Review: What Maisie Knew
FILM
WHAT MAISIE KNEW
Cert 12A
Four Stars
Maisie is six years old and already more emotionally mature than her flaky, dysfunctional parents.
Her saucer eyes are wise – and sad – beyond her years. We stumble with her from scene to scene, placed in her shoes, trying to work out exactly what her parents are playing at, and whether this unfamiliar bloke is her new dad.
Directors David Siegel and Scott McGehee avoid the obvious pitfall of pulling too hard on the heart-strings, allowing the compliment of astute performances to do the talking.

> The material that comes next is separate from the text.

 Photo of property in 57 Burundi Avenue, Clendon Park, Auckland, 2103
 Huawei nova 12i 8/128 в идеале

Julianne Moore, who plays Maisie’s ageing rock-star mother Susanna, seems to be competing with Nicole Kidman to see who can bag the most roles as drunk, dysfunctional older women (this seems like a sad indictment on the number of interesting roles available for actresses over a certain age). She has an angry, chaotic energy that clashes deliciously with her ex-husband Beale’s unflappable, smarmy facade. Steve Coogan doesn’t have to try too hard as Beale – his character is essentially the same as the fictionalised version of himself he plays in BBC production The Trip, which is no bad thing.

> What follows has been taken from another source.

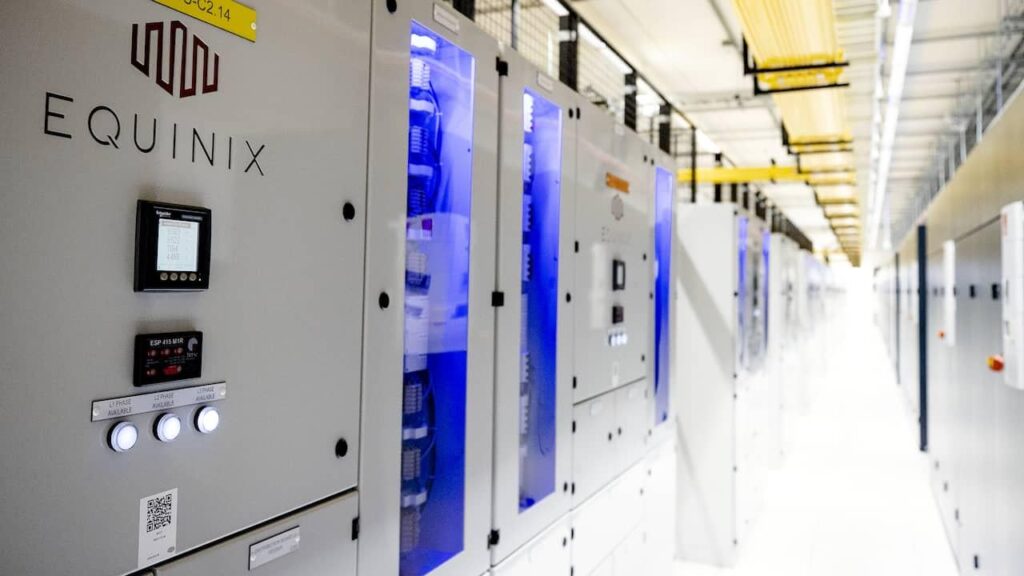 データセンターはまもなくレリスタット全体よりも多くの電力を消費することになるが、市議会はそれについて何も知らなかった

Despite the occasional “wait, really?” moment, Maisie’s world feels plausible; a place in which everyone is bruised but nobody broken.

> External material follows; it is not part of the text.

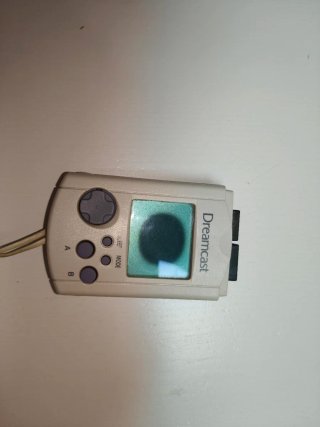 Consola Sega Dreamcast con mandos y VMU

It isn’t perfect: the fundamental inability of either parent to look after a child in even a rudimentary way sometimes makes the film feel like a public information commercial on family planning, and the burgeoning love interest between Beale’s nanny-come-wife Margo and Susanna’s bar-tender toy-boy Lincoln feels a little too neat.
But this is an adept, heartful little film that is emotionally engaging without a trace of saccharine.